We try to set up the environment in sbatch jobs by adding scripts to the /etc/profile.d/ directory, but they don't seem to be sourced by the bash shell in the job spawned by slurmd (we assume the bash shell on CentOS 7.3 systems). The FAQ https://slurm.schedmd.com/faq.html#user_env says that user .profile and .bashrc are not sourced, but how about the system files in /etc/profile.d/*.sh? Also, the bash man-page explains under INVOCATION how startup is done, but I don't know how slurmd does the startup. We would like to set up automatically for the users the batch job environment (which may well differ from the environment on the login nodes) such as this one: # cat /etc/profile.d/cpu_arch.sh export CPU_ARCH="broadwell" function cpu_arch { echo $CPU_ARCH } But in the batch job this obviously hasn't been set up: type cpu_arch /bin/bash: line 3: type: cpu_arch: not found Question 1: Can we use /etc/profile.d/*.sh scripts to set up the environment in jobs? If your answer is that /etc/profile.d/*.sh scripts are ignored (and then please add this to the FAQ), then I don't understand why the Lmod "module" command actually works inside the job (and seen if you do "srun bash -x"): type module module is a function module () { eval $($LMOD_CMD bash "$@"); [ $? = 0 ] && eval $(${LMOD_SETTARG_CMD:-:} -s sh) } which I believe is initialized by the script /etc/profile.d/z00_lmod.sh that eventually sources /usr/share/lmod/lmod/init/sh for defining the module() function. I'm really puzzled here! Question 2: Can you suggest better ways to set up a default environment in jobs, which will differ from the environment in the login nodes? The goal is for this to be automatic so that users won't have to worry about setting the correct CPU architecture and variables like OMP_NUM_THREADS=1.
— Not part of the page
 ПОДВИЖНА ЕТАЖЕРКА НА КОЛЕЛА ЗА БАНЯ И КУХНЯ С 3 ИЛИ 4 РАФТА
(In reply to Ole.H.Nielsen@fysik.dtu.dk from comment #0) > We try to set up the environment in sbatch jobs by adding scripts to the > /etc/profile.d/ directory, but they don't seem to be sourced by the bash > shell in the job spawned by slurmd (we assume the bash shell on CentOS 7.3 > systems). > > The FAQ https://slurm.schedmd.com/faq.html#user_env says that user .profile > and .bashrc are not sourced, but how about the system files in > /etc/profile.d/*.sh? Also, the bash man-page explains under INVOCATION how > startup is done, but I don't know how slurmd does the startup. > > We would like to set up automatically for the users the batch job > environment (which may well differ from the environment on the login nodes) > such as this one: > > # cat /etc/profile.d/cpu_arch.sh > export CPU_ARCH="broadwell" > function cpu_arch { echo $CPU_ARCH } > > But in the batch job this obviously hasn't been set up: > type cpu_arch > /bin/bash: line 3: type: cpu_arch: not found > > Question 1: Can we use /etc/profile.d/*.sh scripts to set up the environment > in jobs? > > If your answer is that /etc/profile.d/*.sh scripts are ignored (and then > please add this to the FAQ), then I don't understand why the Lmod "module" > command actually works inside the job (and seen if you do "srun bash -x"): > > type module > module is a function > module () > { > eval $($LMOD_CMD bash "$@"); > [ $? = 0 ] && eval $(${LMOD_SETTARG_CMD:-:} -s sh) > } > > which I believe is initialized by the script /etc/profile.d/z00_lmod.sh that > eventually sources /usr/share/lmod/lmod/init/sh for defining the module() > function. I'm really puzzled here! The user profile is captured at job submission time, then restored verbatim. Profiles scripts and the like are not run when setting up the user environment. This is also what allows lmod to continue functioning when restored on the job. > Question 2: Can you suggest better ways to set up a default environment in > jobs, which will differ from the environment in the login nodes? The goal > is for this to be automatic so that users won't have to worry about setting > the correct CPU architecture and variables like OMP_NUM_THREADS=1. Look into using a TaskProlog script. https://slurm.schedmd.com/prolog_epilog.html
(In reply to Tim Wickberg from comment #1) > The user profile is captured at job submission time, then restored verbatim. > Profiles scripts and the like are not run when setting up the user > environment. This is also what allows lmod to continue functioning when > restored on the job. Thanks, now this makes sense to me! > > Question 2: Can you suggest better ways to set up a default environment in > > jobs, which will differ from the environment in the login nodes? The goal > > is for this to be automatic so that users won't have to worry about setting > > the correct CPU architecture and variables like OMP_NUM_THREADS=1. > > Look into using a TaskProlog script. > https://slurm.schedmd.com/prolog_epilog.html OK, it's time to dive into yet another Slurm feature :-) You may close this case now, thanks.